时间:2014-01-27 13:42:06  来源:  点击数:
Key words: Provisions on the Establishment of Major Functions, Internal Organization and Personnel of CFDA; children cosmetics declaration; non-special usage cosmetics classification; existing cosmetics ingredients.
Abstract:China’s State Food and Drug Administration (SFDA) has issued “Three Schemes ” (Main Responsibilities, Internal Structure and Staffing) after it changed name to China Food and Drug Administration (CFDA), which arouses conjectures among industry insiders, especially on the issues that imported non-special use cosmetics must apply for record-keeping to the food and drug administrations at provincial level, however, the detailed laws and regulations on the issue have not been released in China. The article covers policy interpretation, as well as analysis of CFDA’s laws and regulations on children cosmetics declaration, non-special usage cosmetics classification, and existing cosmetics ingredients.
Introduction: After issuing “Three Schemes ”, great expectation has been placed on CFDA, and the new reforms on food regulatory changes in sub-sub-issues, drug regulatory decentralization, strengthen macroeconomic policies and local supervision have been significantly attended by the industry.
One of the options for the current round of institutional reform, Market Supervisory Authority is established with reference to the practice of Guangdong, Shenzhen, Shunde, health products placed under a unified framework for risk analysis of consolidated supervision. But there exist some doubts in plans implement, and the drug administrations at provincial level have not published detailed policies. The policies about cosmetics in the “Three Schemes” are listed below:
1. The procedures of examination and approval required for manufacture of cosmetics and grant of hygiene certificate will be combined into a single examination and approval procedure;
2. The food and drug administrations at provincial level take the responsibilities of the original SFDA for examination and approval of import of non-special function cosmetics; 
3. The CFDA takes the responsibilities of the General Administration of Quality Supervision, Inspection and Quarantine of the People's Republic of China (AQSIQ) for examination and approval of manufacture and compulsory inspection of cosmetics.
We devote great attention to the devolution of responsibility, or how the state relevant authorities to do after imported non-special purpose cosmetics get approval from provincial food and drug regulatory authorities. If the foreign company should appoint a Chinese responsible agent to deal with registration, how can the other provincial legal units which hope to work as an agency for the other products made by the same applicant get qualifications for declaration? Some import dealers will take advantage of policy loophole to choose remote or small regions based on local development, geography, foreign trade, and difference so as to increase possibility of obtaining qualifications. Some companies worry that the loss of Approval Number will make market more difficult to develop, terefore, they will take a wait-and-see attitude. 
The above is our supposition. The issues on how to realize balance management among food and drug administrations at provincial level, how to make provincial administrative approval system more simple and convenient, and how CFDA to integrate responsibilities will be clear after China unveils detailed policy.

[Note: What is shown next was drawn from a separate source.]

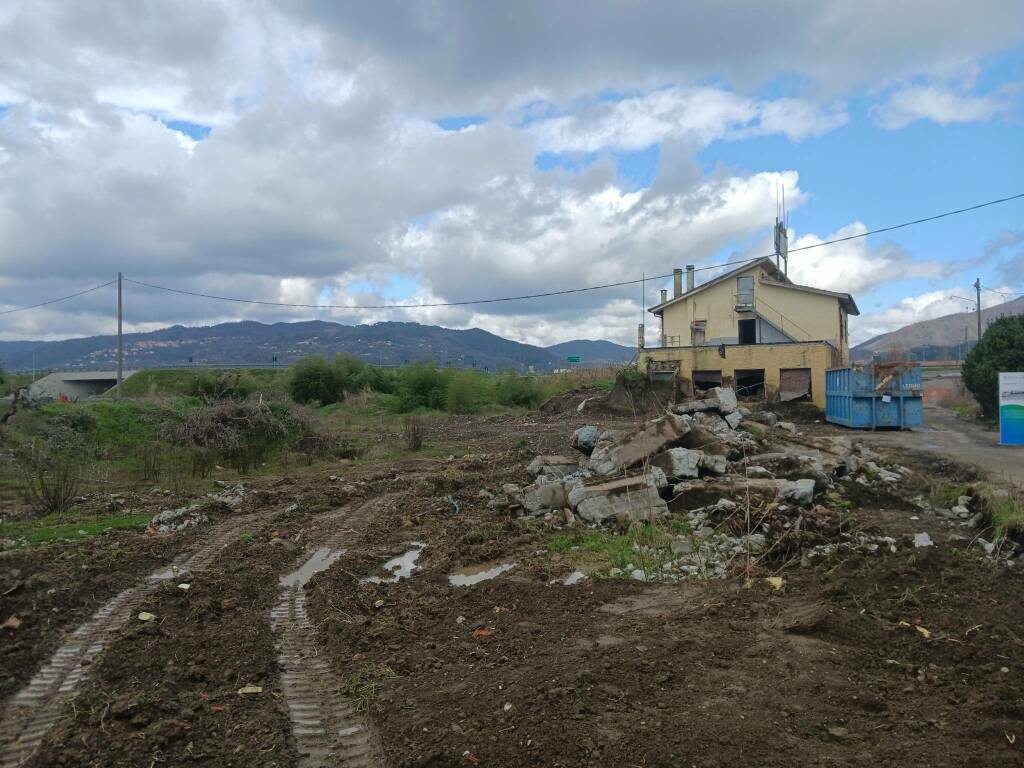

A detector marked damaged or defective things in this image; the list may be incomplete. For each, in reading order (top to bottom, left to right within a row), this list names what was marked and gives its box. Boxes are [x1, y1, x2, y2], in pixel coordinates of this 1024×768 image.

It is learned that, as a principle, the reforms for food and drug administrative bodies at provincial, municipal, and county level will be completed by the end of June, September, and December this year. But will the reform in import non-special purpose cosmetics take two or three years like SFDA began to take up the responsibility of cosmetics registration instead of National Health and Family Planning Commission of China (NHFPC) in 2008? 
Special use cosmetics for sun block, hair perm, hair dye, hair growth, spots removal, fitness, breast shaping, deodorizing, and hair removal are still approved by CFDA which will strengthen supervision system. Beijing Oriental Chemical Information Co., Ltd. (OCI) will keep track of the national latest news and provide solutions for you.
The following is analysis of relevant policies about cosmetics registration in recent years.
1) On May 29, 2012, SFDA issued Letter on Seeking Opinions on Classification Management of Non-special Cosmetics (No.263-2012), inviting public comments on the amended categorized management measures for non-special use cosmetics. Under the draft, SFDA changed definition of freckle removal cosmetic; moved cosmetics intended for whiteing, acne removal into freckle removal cosmetics; strengthened safety risk monitor on nine produces such as hare care products that claim to have effect of secretion control of oil on the skin and head, dandruff removal, andanti-wrinkle, and conducted risk assessment based on information collected from safety risk monitoring and decided whether to regulate them as special use cosmetics; conducted strict supervision for cosmetics for children and required that cosmetic companies not claim that cosmetic products are specifically made for special human groups such as pregnant women or breastfeeding women.
2) On September 17, 2012, SFDA published the third batch of the Inventory of Existing Cosmetic Ingredient in China (IECIC) for public consultations after the first batch and second batch were also released earlier the year, promoting the standard use of cosmetic ingredients.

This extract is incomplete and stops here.